Rodrigo Arias Mallo d4e37ddb78 Add fox page in jungle website
Reviewed-by: Aleix Boné <abonerib@bsc.es>
2025-02-12 16:33:22 +01:00

2.7 KiB

title, description, date
title description date
Fox AMD Genoa 9684X with 2 NVIDIA RTX4000 GPUs 2025-02-12

Fox

Picture by Joanne Redwood, CC0.

The fox machine is a big GPU server that is configured to run heavy workloads. It has two fast AMD CPUs with large cache and 2 reasonable NVIDIA GPUs. Here are the detailed specifications:

  • 2x AMD GENOA X 9684X DP/UP 96C/192T 2.55G 1,150M 400W SP5 3D V-cach
  • 24x 32GB DDR5-4800 ECC RDIMM (total 768 GiB of RAM)
  • 1x 2.5" SSD SATA3 MICRON 5400 MAX 480GB
  • 2x 2.5" KIOXIA CM7-R 1.92TB NVMe GEN5 PCIe 5x4
  • 2x NVIDIA RTX4000 ADA Gen 20GB GDDR6 PCIe 4.0

Access

To access the machine, request a SLURM session from hut using the fox partition:

hut% salloc -p fox

Then connect via ssh:

hut% ssh fox
fox%

Follow these steps if you don't have access to hut or fox.

CUDA

To use CUDA, you can use the following flake.nix placed in a new directory to load all the required dependencies:

{
  inputs.jungle.url = "jungle";

  outputs = { jungle, ... }: {
    devShell.x86_64-linux = let
      pkgs = jungle.nixosConfigurations.fox.pkgs;
    in pkgs.mkShell {
      name = "cuda-env-shell";
      buildInputs = with pkgs; [
        git gitRepo gnupg autoconf curl
        procps gnumake util-linux m4 gperf unzip

        # Cuda packages (more at https://search.nixos.org/packages)
        cudatoolkit linuxPackages.nvidia_x11
        cudaPackages.cuda_cudart.static
        cudaPackages.libcusparse

        libGLU libGL
        xorg.libXi xorg.libXmu freeglut
        xorg.libXext xorg.libX11 xorg.libXv xorg.libXrandr zlib
        ncurses5 stdenv.cc binutils
      ];
      shellHook = ''
        export CUDA_PATH=${pkgs.cudatoolkit}
        export LD_LIBRARY_PATH=/var/run/opengl-driver/lib
        export SMS=50
      '';
    };
  };
}

Then just run nix develop from the same directory:

% mkdir cuda
% cd cuda
% vim flake.nix
[...]
% nix develop
$ nvcc -V
nvcc: NVIDIA (R) Cuda compiler driver
Copyright (c) 2005-2024 NVIDIA Corporation
Built on Tue_Feb_27_16:19:38_PST_2024
Cuda compilation tools, release 12.4, V12.4.99
Build cuda_12.4.r12.4/compiler.33961263_0

Filesystems

The machine has several file systems available.

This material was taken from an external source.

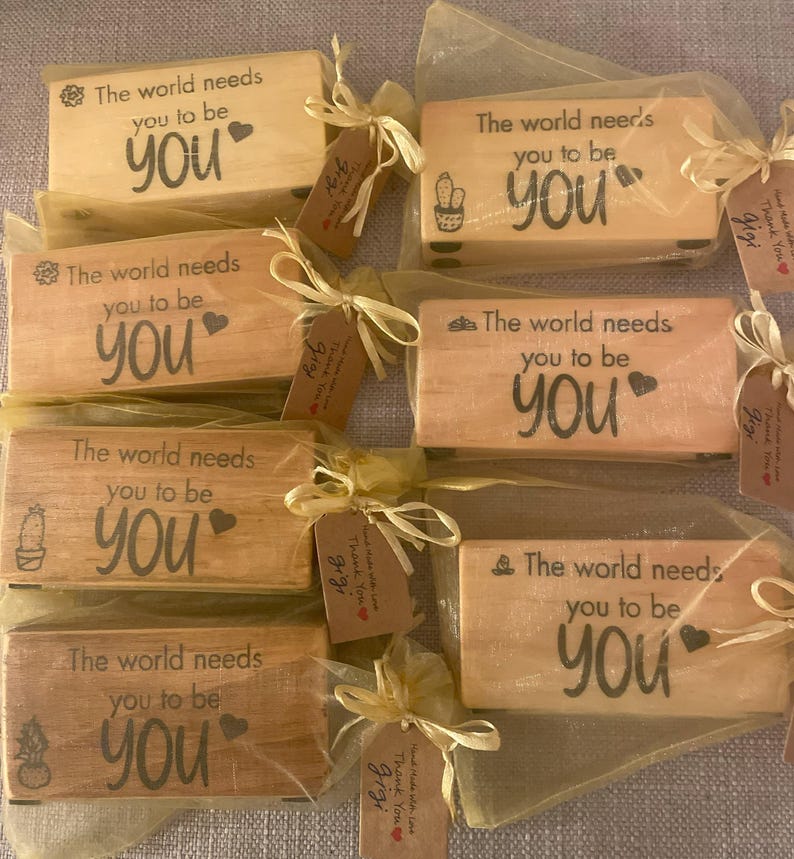 May include: Several small, rectangular wooden blocks with the text "The world needs you to be YOU" are displayed. Each block is wrapped in sheer fabric and tied with a ribbon and a small tag. The blocks have different small illustrations.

  • $HOME: Mounted via NFS across all nodes. It is slow and has low capacity. Don't abuse.
  • /ceph/home/$USER: Shared Ceph file system across jungle nodes. Slow but high capacity. Stores three redundant copies of every file.
  • /nvme{0,1}/$USER: The two local NVME disks, very fast and large capacity.
  • /tmp: tmpfs, fast but not backed by a disk. Will be erased on reboot.